Assignment —
Omitting the pictures, restate all of the entries below exactly.

Data in this exercise —
□ □ □

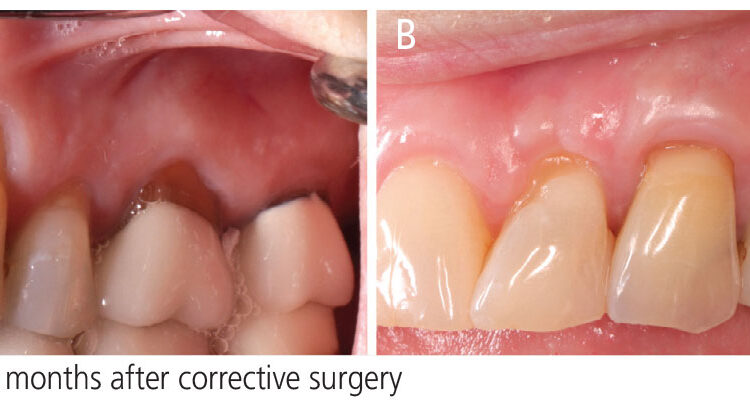 034_allograft-CE_32-35-(Page-34)-2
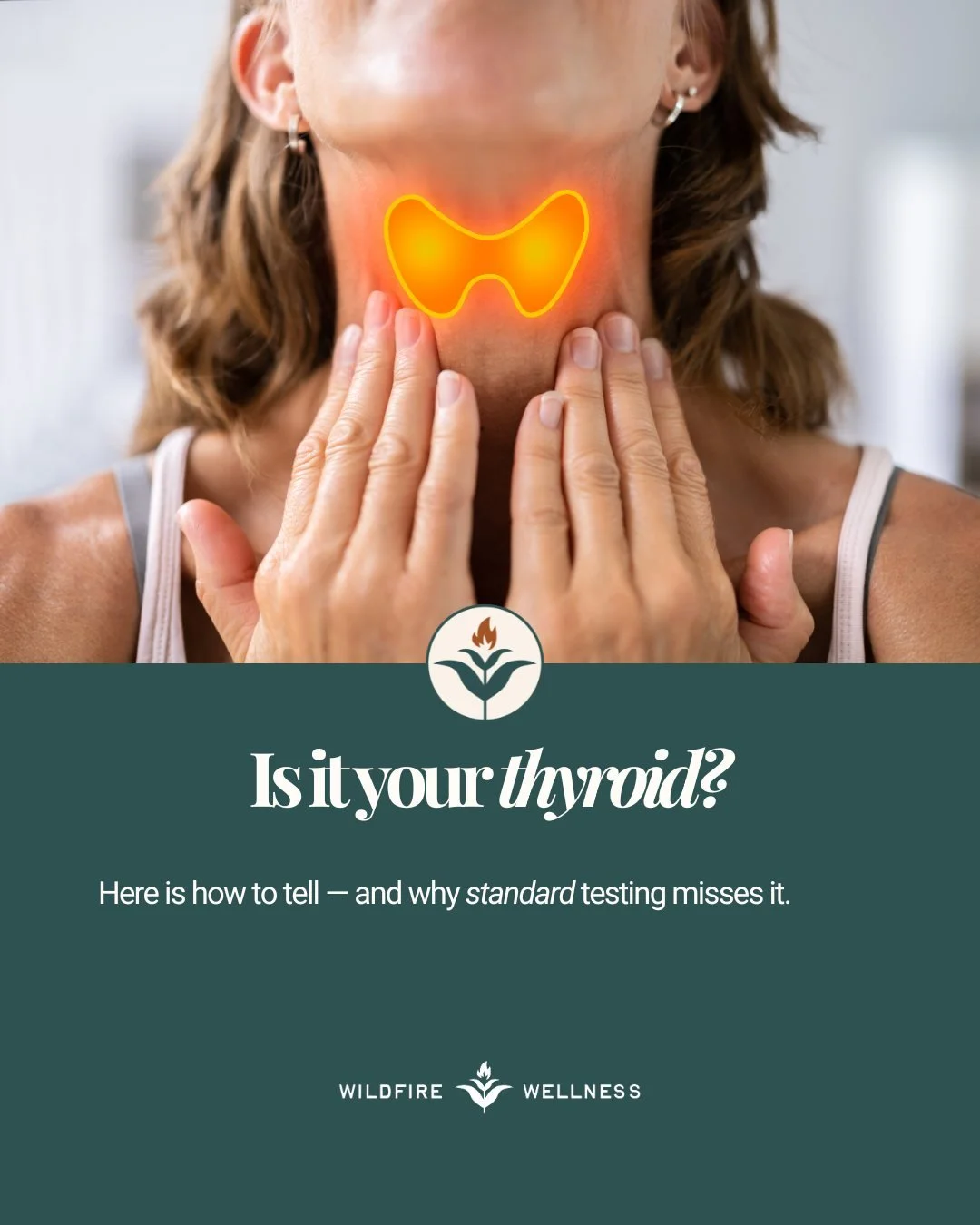 You were told your thyroid is fine.

But "fine" was based on one number: TSH. That's it. One data point from a panel that can run six.

TSH tells us what your pituitary is asking for. It doesn't tell us what your cells are actually getting.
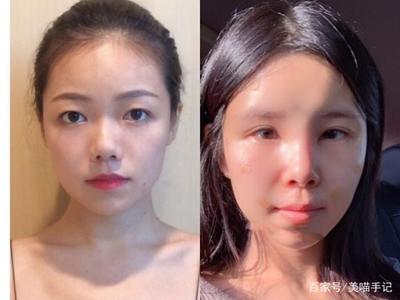 整容脸部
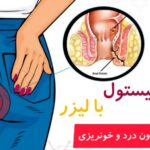 درمان فیستول
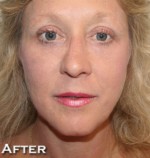Face Lift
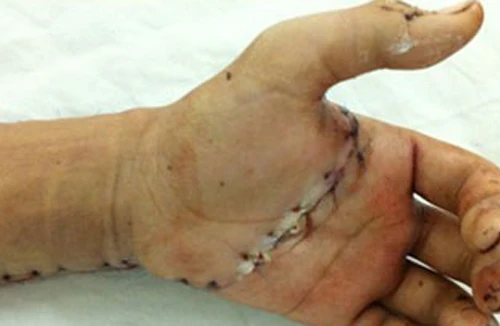 Hãi hùng: Người đàn ông cưa tay, tự sát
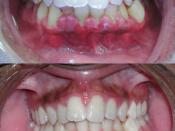 English: Really bad gingivitis, before and after scaling.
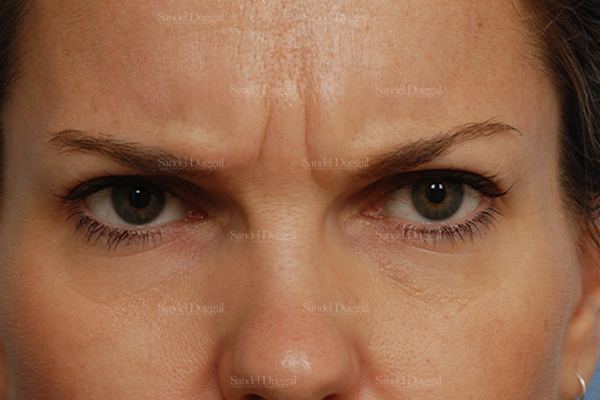 Botox & Fillers before, case 842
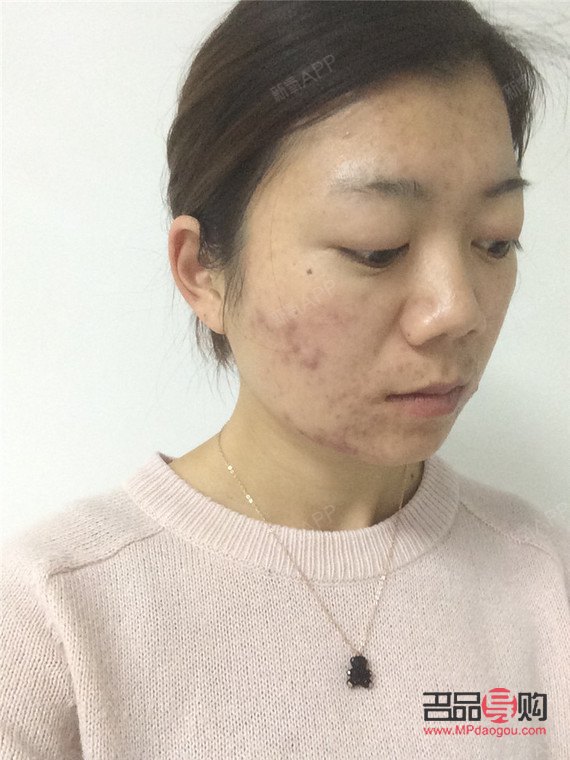 去美容院清痘好嗎(去美容院清痘好嗎女生)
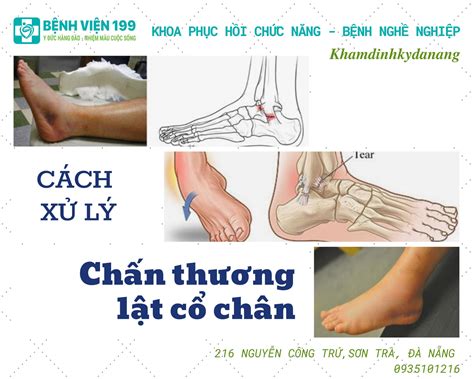 lật cổ chân | Lt s mi c chn l g
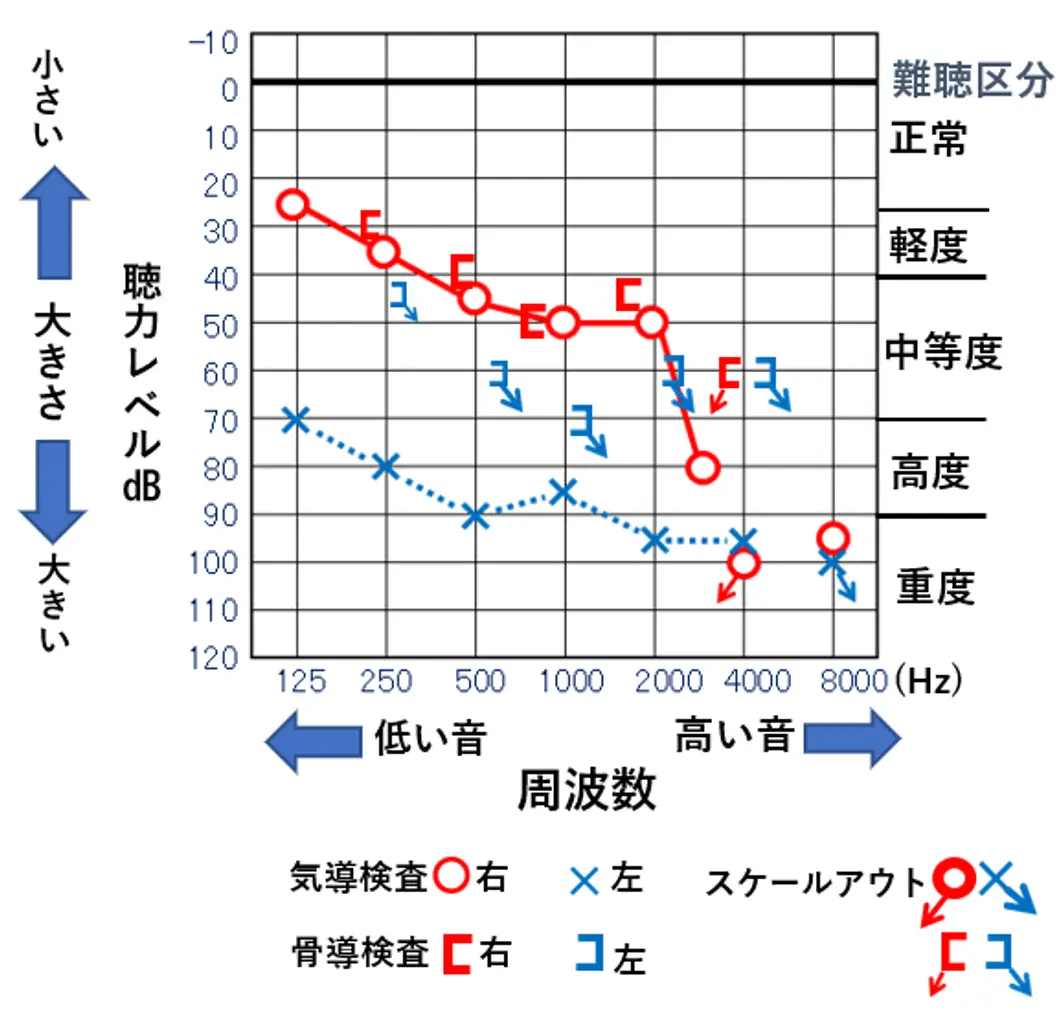 自分の聴力を知る！ ～オージオグラムを理解しよう～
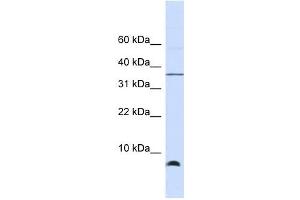 HSPE1 antibody used at 1 ug/ml to detect target protein. (HSPE1 抗体)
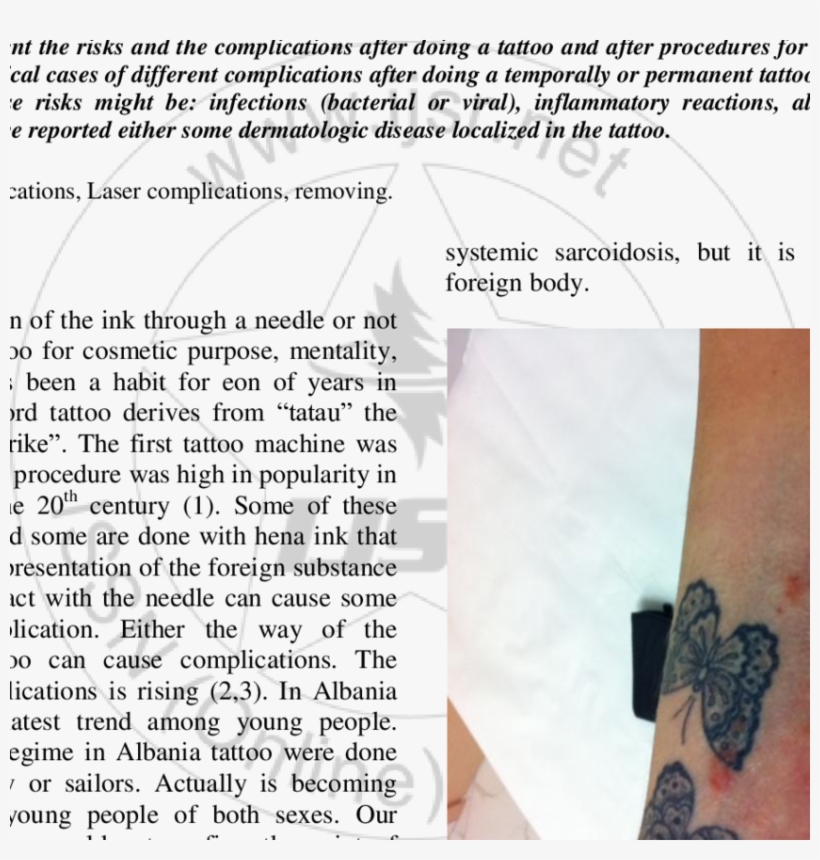 Reddish Purple Papules And Nodules Arranged In An Annular - Nodule, transparent png download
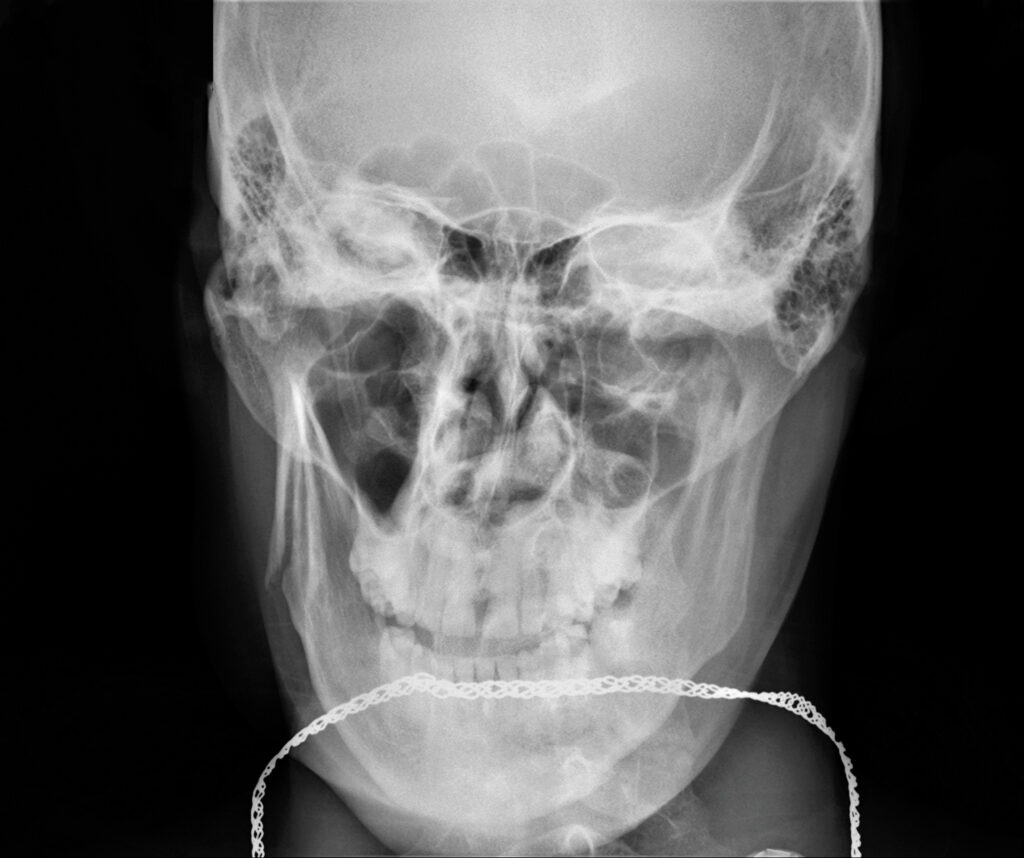 rohnert park facial trauma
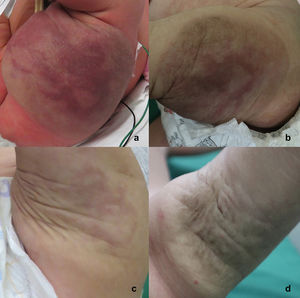 Imagen comparativa donde se observa la involución de la lesión: a) 3 días de vida; b) 18 días de vida; c) 6 meses de edad; d) 11 meses de edad.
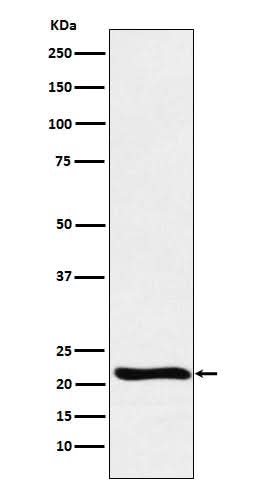 Anti-GLO1 Monoclonal Antibody Boster Bio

□ □ □

Your response —
 034_allograft-CE_32-35-(Page-34)-2
 You were told your thyroid is fine.

But "fine" was based on one number: TSH. That's it. One data point from a panel that can run six.

TSH tells us what your pituitary is asking for. It doesn't tell us what your cells are actually getting.
 整容脸部
 درمان فیستول
Face Lift
 Hãi hùng: Người đàn ông cưa tay, tự sát
 English: Really bad gingivitis, before and after scaling.
 Botox & Fillers before, case 842
 去美容院清痘好嗎(去美容院清痘好嗎女生)
 lật cổ chân | Lt s mi c chn l g
 自分の聴力を知る！ ～オージオグラムを理解しよう～
 HSPE1 antibody used at 1 ug/ml to detect target protein. (HSPE1 抗体)
 Reddish Purple Papules And Nodules Arranged In An Annular - Nodule, transparent png download
 rohnert park facial trauma
 Imagen comparativa donde se observa la involución de la lesión: a) 3 días de vida; b) 18 días de vida; c) 6 meses de edad; d) 11 meses de edad.
 Anti-GLO1 Monoclonal Antibody Boster Bio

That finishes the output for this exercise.